>>
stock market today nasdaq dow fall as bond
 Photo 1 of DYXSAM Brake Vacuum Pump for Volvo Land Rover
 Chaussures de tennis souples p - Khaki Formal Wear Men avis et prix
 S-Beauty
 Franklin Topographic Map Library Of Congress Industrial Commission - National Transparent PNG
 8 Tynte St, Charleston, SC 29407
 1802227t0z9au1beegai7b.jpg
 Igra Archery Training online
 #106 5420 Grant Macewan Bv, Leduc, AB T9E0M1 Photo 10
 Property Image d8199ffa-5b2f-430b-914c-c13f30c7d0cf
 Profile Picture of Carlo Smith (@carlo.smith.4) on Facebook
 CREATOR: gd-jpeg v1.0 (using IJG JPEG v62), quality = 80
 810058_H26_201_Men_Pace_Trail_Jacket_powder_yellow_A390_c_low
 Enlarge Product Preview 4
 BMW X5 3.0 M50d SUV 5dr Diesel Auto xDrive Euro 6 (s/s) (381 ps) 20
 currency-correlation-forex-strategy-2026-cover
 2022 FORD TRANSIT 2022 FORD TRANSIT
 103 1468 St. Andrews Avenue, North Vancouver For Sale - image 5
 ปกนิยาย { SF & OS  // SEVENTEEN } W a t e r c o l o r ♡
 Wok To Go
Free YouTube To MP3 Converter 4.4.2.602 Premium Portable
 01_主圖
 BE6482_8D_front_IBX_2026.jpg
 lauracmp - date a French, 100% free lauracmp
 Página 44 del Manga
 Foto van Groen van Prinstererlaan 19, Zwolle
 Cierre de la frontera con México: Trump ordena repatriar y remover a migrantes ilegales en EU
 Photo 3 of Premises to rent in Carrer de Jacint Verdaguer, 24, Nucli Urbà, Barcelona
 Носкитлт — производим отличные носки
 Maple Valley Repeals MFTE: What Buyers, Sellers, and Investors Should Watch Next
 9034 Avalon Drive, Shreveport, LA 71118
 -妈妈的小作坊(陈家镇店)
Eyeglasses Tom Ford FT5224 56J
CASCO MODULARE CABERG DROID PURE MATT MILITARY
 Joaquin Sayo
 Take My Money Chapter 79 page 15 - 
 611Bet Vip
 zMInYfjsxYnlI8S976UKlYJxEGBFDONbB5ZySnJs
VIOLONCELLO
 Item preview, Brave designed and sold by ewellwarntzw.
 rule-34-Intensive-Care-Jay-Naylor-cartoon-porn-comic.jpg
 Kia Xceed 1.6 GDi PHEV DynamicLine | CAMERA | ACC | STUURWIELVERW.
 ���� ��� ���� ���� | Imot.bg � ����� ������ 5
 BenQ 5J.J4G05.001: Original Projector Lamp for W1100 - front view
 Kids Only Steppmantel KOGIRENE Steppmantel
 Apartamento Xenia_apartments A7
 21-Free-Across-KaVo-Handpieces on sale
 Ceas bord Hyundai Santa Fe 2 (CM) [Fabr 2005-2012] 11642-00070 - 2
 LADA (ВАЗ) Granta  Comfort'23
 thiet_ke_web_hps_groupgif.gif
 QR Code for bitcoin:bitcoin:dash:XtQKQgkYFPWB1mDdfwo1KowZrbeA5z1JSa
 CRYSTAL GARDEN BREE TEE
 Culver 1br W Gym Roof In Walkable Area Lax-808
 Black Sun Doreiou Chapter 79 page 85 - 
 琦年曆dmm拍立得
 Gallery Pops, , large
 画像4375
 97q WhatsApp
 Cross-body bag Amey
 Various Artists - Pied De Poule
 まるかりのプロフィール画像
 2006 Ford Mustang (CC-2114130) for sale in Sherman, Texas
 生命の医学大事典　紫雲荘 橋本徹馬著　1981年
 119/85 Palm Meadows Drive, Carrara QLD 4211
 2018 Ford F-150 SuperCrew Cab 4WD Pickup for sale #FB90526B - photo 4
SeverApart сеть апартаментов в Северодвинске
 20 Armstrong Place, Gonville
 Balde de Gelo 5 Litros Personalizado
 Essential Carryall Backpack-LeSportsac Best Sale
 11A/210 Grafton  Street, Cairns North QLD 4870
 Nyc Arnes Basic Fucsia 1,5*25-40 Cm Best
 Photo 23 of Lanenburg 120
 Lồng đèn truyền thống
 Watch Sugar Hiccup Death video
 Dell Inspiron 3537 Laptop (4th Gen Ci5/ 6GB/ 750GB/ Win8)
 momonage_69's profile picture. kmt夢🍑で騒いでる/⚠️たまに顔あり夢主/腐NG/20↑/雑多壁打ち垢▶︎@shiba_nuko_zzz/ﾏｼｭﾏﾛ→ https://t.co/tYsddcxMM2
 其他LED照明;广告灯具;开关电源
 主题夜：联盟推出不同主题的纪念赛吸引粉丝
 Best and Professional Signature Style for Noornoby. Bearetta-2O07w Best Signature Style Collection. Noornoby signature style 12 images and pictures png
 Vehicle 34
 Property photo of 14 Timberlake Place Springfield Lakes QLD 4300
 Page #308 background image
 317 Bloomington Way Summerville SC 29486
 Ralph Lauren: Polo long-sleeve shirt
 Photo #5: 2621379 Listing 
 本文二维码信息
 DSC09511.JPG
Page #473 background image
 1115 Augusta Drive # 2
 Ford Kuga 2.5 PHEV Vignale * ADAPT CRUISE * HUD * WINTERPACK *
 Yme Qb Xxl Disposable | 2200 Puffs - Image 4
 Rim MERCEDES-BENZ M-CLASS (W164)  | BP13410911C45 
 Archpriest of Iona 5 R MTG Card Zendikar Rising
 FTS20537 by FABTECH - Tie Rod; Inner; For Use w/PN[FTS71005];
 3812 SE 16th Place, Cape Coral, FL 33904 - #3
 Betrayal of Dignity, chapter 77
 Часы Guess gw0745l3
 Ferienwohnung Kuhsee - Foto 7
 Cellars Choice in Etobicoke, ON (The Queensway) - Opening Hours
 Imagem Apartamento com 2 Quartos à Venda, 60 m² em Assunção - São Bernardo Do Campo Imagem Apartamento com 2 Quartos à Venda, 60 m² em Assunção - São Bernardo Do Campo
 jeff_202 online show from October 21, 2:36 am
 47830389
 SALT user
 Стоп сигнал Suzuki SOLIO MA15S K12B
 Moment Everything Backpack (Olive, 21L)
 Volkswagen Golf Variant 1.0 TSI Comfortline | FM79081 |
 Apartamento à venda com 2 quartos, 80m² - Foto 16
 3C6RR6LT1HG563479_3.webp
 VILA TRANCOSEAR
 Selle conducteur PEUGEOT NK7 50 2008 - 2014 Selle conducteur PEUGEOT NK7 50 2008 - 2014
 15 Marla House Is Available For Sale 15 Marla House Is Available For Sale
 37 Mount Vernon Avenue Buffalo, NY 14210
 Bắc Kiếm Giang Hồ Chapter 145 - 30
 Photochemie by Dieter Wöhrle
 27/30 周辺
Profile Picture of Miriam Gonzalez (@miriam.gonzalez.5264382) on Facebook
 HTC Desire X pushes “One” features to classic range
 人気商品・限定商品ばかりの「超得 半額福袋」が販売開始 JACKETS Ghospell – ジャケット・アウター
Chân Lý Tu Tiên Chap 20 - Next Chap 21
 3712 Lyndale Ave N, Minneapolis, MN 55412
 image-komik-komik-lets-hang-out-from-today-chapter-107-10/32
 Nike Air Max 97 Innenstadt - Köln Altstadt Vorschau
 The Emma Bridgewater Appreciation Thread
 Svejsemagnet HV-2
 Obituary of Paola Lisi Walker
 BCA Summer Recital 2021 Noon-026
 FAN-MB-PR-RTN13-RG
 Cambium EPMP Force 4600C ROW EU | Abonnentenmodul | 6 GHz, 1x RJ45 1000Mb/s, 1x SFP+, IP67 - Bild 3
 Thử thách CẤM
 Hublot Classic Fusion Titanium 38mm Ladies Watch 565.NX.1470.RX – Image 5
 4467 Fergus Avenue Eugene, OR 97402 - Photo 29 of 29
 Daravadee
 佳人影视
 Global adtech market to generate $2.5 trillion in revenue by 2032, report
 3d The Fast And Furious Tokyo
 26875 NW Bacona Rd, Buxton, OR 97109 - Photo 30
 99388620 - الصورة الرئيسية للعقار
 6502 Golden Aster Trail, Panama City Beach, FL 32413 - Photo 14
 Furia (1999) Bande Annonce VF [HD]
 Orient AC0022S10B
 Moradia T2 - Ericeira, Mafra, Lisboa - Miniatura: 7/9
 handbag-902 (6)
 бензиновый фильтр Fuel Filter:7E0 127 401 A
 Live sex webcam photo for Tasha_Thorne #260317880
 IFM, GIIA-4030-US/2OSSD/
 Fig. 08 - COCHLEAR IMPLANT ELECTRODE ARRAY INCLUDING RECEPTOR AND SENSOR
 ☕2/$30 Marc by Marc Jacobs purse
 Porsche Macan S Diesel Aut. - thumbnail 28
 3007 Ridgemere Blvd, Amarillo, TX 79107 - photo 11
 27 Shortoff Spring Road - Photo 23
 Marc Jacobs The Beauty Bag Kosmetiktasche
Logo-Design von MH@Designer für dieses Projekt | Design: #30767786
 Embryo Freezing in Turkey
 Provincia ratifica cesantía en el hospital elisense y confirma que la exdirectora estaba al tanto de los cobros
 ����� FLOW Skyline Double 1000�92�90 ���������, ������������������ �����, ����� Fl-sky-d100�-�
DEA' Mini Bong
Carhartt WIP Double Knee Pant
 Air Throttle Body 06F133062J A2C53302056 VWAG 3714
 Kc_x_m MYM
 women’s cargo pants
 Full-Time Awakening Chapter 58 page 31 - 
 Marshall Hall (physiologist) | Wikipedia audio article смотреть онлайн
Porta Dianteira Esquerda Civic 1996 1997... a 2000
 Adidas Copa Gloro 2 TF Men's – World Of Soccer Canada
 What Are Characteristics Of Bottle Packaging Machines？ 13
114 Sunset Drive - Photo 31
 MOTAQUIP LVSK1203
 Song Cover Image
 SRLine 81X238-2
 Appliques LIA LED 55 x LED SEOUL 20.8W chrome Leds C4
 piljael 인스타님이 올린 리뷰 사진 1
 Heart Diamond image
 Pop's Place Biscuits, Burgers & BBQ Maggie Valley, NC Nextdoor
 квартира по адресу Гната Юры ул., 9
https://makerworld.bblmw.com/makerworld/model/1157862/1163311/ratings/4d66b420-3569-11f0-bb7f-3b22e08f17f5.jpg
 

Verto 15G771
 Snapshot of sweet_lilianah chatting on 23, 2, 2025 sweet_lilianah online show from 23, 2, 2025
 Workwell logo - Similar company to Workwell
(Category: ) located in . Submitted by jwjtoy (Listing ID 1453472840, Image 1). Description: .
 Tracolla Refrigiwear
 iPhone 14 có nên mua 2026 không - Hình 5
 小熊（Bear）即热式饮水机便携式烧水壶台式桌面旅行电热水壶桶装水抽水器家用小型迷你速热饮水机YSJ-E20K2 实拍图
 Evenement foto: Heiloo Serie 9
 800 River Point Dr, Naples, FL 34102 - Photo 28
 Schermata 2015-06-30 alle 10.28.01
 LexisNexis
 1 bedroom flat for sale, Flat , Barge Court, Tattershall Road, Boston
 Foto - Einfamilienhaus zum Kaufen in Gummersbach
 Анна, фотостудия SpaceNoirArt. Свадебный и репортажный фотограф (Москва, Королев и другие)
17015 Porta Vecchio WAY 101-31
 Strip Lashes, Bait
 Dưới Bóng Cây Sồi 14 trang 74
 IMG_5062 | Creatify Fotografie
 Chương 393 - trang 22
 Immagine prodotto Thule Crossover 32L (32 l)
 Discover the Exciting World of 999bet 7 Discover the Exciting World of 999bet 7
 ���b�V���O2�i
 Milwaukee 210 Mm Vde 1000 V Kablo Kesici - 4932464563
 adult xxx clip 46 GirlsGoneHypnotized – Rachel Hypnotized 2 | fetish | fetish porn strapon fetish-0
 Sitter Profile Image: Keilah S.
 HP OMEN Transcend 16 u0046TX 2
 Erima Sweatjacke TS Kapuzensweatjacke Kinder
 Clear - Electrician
<<
# [WHAT IS EXPECTED]
Copy every line in the data above that has the string "North" in it.

# [ANSWER SPACE]
 103 1468 St. Andrews Avenue, North Vancouver For Sale - image 5
 11A/210 Grafton  Street, Cairns North QLD 4870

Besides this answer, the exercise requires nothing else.